# [Directions for this task]
Beneath this line sits some data. Return only its lines from the one holding "Flyer for Santa, Trains" through the one holding "[다잇템] 여성 미니멀리즘", inclusive, exactly, with the images removed.

(Short web captions)
*** Begin section ***
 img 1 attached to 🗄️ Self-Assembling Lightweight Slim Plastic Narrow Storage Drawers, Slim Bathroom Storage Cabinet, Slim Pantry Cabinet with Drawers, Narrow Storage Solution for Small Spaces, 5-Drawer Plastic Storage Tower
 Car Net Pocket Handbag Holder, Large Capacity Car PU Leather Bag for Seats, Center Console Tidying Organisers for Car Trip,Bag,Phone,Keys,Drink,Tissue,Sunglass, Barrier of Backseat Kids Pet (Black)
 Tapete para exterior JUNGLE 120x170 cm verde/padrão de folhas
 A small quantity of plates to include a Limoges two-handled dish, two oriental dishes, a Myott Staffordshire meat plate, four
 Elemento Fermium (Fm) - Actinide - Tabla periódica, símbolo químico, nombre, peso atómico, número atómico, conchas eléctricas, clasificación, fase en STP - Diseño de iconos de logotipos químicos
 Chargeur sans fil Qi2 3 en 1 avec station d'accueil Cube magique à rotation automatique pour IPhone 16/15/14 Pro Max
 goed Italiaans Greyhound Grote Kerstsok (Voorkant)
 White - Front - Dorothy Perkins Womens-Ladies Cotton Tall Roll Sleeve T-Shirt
*** End section ***
*** Begin section ***
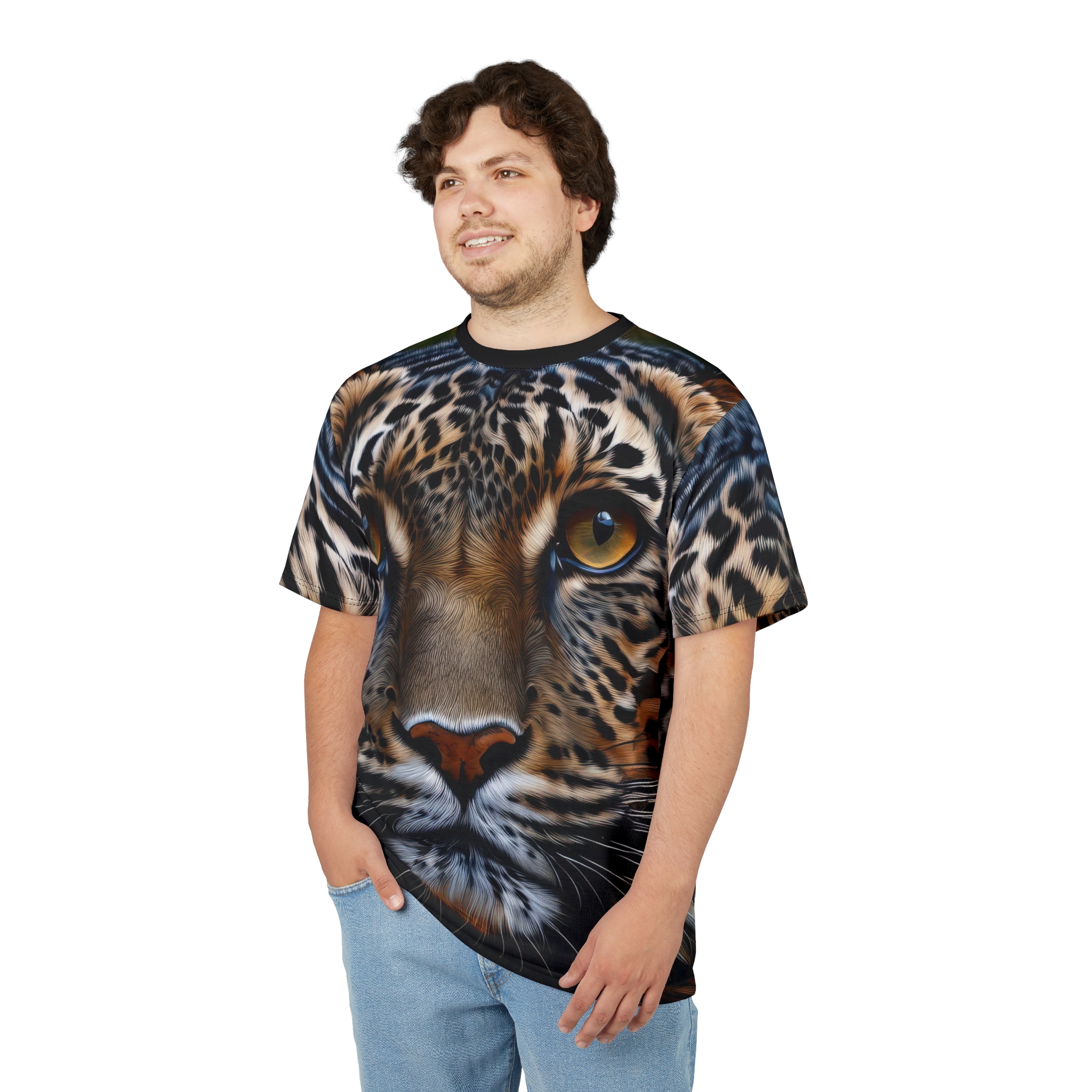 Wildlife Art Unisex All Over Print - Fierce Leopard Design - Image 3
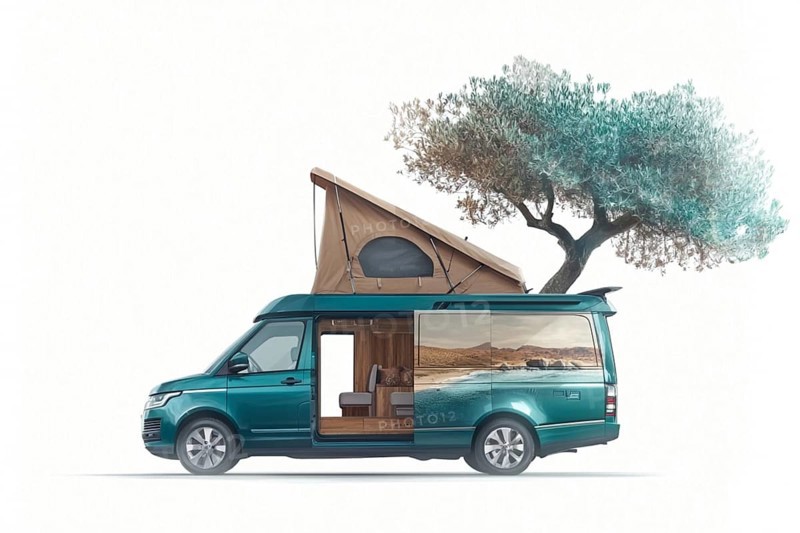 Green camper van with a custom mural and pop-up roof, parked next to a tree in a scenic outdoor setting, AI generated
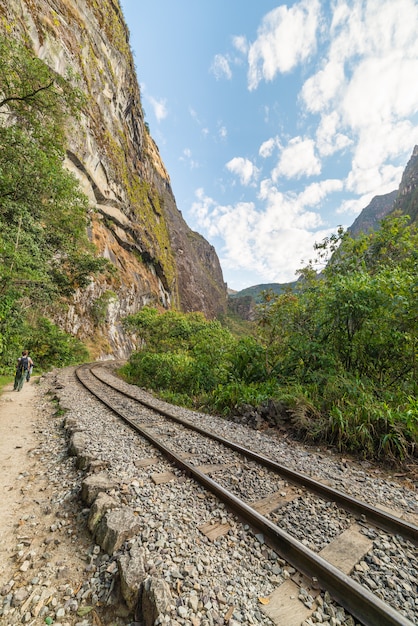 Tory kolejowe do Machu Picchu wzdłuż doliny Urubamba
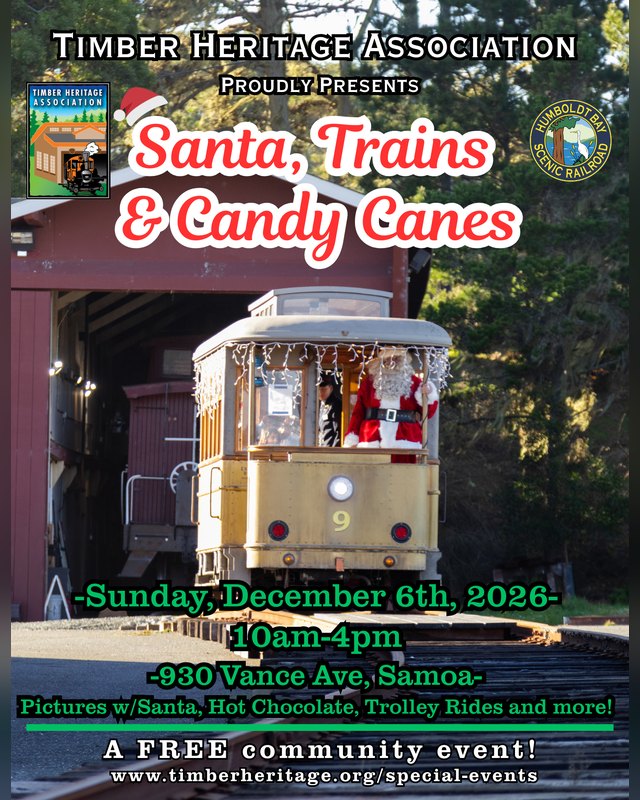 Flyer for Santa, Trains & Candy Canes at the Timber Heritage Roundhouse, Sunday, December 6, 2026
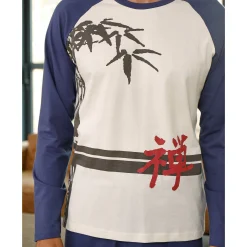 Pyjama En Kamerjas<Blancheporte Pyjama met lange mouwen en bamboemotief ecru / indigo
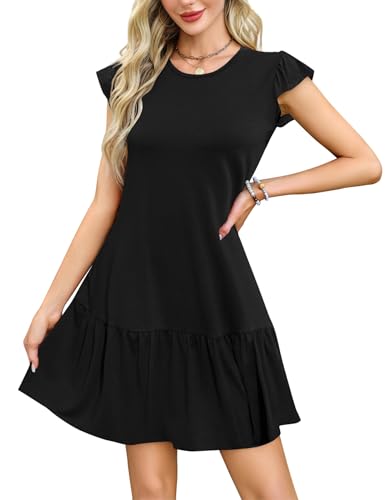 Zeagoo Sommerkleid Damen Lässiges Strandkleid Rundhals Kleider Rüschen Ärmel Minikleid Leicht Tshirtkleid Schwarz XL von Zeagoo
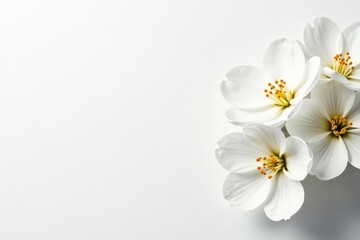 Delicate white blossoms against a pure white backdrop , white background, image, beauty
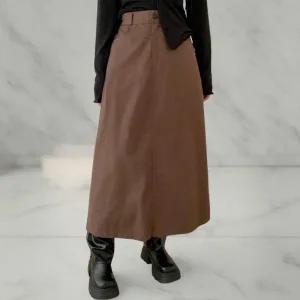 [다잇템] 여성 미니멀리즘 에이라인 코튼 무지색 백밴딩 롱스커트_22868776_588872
*** End section ***
# [Result for this exercise]
 Flyer for Santa, Trains & Candy Canes at the Timber Heritage Roundhouse, Sunday, December 6, 2026
 Pyjama En Kamerjas<Blancheporte Pyjama met lange mouwen en bamboemotief ecru / indigo
 Zeagoo Sommerkleid Damen Lässiges Strandkleid Rundhals Kleider Rüschen Ärmel Minikleid Leicht Tshirtkleid Schwarz XL von Zeagoo
 Delicate white blossoms against a pure white backdrop , white background, image, beauty
 [다잇템] 여성 미니멀리즘 에이라인 코튼 무지색 백밴딩 롱스커트_22868776_588872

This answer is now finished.